[Powerpc / eHEA] Circular dependency with 2.6.29-rc6
Peter Zijlstra
peterz at infradead.org
Thu Feb 26 05:24:09 EST 2009
On Wed, 2009-02-25 at 18:07 +0100, Jan-Bernd Themann wrote:
> Hi,
>
> yes, sorry for the funny wrapping... and thanks for your quick answer!
>
> Peter Zijlstra wrote:
> > On Wed, 2009-02-25 at 16:05 +0100, Jan-Bernd Themann wrote:
> >
> >
> >> - When "open" is called for a registered network device, port->port_lock
> >> is taken first,
> >> then ehea_fw_handles.lock
> >> - When "open" is left these locks are released in a proper way (inverse
> >> order)
> >>
> >
> > So this has:
> >
> > port->port_lock
> > ehea_fw_handles.lock
> >
> > This would be the case that is generating the warning.
> >
> >
> >> - In addition: ehea_fw_handles.lock is held by the function
> >> "driver_probe_device"
> >> that registers all available network devices (register_netdev)

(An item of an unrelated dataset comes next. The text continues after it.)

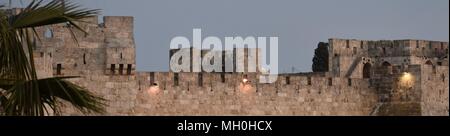 Altstadt von Jerusalem Wände Panorama in der Dämmerung Stockfoto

> >> - When multiple network devices are registered, it is possible that
> >> "open" is
> >> called on an already registered network device while further
> >> netdevices are still registered
> >> in "driver_probe_device". ---> "open" will take port->port_lock, but
> >> won't get ehea_fw_handles.lock
> >>
> >
> > Right, so here you have
> >
> > ehea_fw_handles.lock
> > port->port_lock
> >
> > Overlay these two cases and you have AB-BA deadlocks.
> >
> >
> The thing here is that I did not see that "open" is called from this
> "probe" function,
> this happens probably indirectly as each new device causes a notifier chain
> to be called --> If I got it right then a userspace tool triggers the
> "open".
> In that case the open would run in an other task/thread and thus when
> the kernel
> preemts the task/thread the probe function would continue and free the lock.
>
> Lets assume that it is actually possible that "open" is called in the
> same context as
> "probe", wound't that mean that we actually need to hit a deadlock?
> (probe helds
> the lock all the time). We have never observed a deadlock so far.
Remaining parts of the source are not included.